WORK REQUIRED :: All lines from the one with "Clothes Line" to the end of the data: return those exactly, and only those.

SUPPLIED ENTRIES ::

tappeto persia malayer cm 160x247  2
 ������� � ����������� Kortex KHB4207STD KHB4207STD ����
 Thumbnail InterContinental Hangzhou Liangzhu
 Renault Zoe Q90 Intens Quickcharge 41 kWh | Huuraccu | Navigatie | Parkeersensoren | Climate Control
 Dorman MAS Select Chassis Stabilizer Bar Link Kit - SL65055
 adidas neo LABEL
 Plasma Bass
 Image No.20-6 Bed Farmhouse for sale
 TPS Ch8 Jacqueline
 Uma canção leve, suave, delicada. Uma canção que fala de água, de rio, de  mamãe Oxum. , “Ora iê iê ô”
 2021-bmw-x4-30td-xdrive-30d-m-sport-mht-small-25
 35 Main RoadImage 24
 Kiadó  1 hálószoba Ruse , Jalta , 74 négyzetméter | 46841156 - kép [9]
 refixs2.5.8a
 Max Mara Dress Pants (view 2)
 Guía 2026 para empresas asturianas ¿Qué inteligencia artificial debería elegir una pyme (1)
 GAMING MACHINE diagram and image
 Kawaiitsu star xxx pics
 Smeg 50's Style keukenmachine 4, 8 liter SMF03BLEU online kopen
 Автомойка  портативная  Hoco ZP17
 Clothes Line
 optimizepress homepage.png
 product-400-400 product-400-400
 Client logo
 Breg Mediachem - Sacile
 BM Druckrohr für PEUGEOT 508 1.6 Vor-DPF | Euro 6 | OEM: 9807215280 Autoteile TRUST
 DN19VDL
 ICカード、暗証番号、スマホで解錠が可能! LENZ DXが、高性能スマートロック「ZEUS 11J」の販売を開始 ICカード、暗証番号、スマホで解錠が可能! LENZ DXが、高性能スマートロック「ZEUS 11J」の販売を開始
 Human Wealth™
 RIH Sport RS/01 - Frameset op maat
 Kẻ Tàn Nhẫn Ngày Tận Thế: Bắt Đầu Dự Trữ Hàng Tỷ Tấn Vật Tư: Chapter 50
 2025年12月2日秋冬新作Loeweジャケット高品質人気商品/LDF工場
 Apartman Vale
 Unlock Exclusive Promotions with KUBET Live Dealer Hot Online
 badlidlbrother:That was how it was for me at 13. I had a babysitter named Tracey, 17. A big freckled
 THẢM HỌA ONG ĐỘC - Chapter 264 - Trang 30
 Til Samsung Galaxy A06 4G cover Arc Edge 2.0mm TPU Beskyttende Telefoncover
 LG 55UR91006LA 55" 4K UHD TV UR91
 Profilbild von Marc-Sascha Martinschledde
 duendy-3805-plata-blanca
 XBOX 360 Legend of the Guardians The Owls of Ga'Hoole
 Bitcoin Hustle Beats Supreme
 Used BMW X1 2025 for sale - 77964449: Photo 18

EXERCISE SOLUTION ::
 Clothes Line
 optimizepress homepage.png
 product-400-400 product-400-400
 Client logo
 Breg Mediachem - Sacile
 BM Druckrohr für PEUGEOT 508 1.6 Vor-DPF | Euro 6 | OEM: 9807215280 Autoteile TRUST
 DN19VDL
 ICカード、暗証番号、スマホで解錠が可能! LENZ DXが、高性能スマートロック「ZEUS 11J」の販売を開始 ICカード、暗証番号、スマホで解錠が可能! LENZ DXが、高性能スマートロック「ZEUS 11J」の販売を開始
 Human Wealth™
 RIH Sport RS/01 - Frameset op maat
 Kẻ Tàn Nhẫn Ngày Tận Thế: Bắt Đầu Dự Trữ Hàng Tỷ Tấn Vật Tư: Chapter 50
 2025年12月2日秋冬新作Loeweジャケット高品質人気商品/LDF工場
 Apartman Vale
 Unlock Exclusive Promotions with KUBET Live Dealer Hot Online
 badlidlbrother:That was how it was for me at 13. I had a babysitter named Tracey, 17. A big freckled
 THẢM HỌA ONG ĐỘC - Chapter 264 - Trang 30
 Til Samsung Galaxy A06 4G cover Arc Edge 2.0mm TPU Beskyttende Telefoncover
 LG 55UR91006LA 55" 4K UHD TV UR91
 Profilbild von Marc-Sascha Martinschledde
 duendy-3805-plata-blanca
 XBOX 360 Legend of the Guardians The Owls of Ga'Hoole
 Bitcoin Hustle Beats Supreme
 Used BMW X1 2025 for sale - 77964449: Photo 18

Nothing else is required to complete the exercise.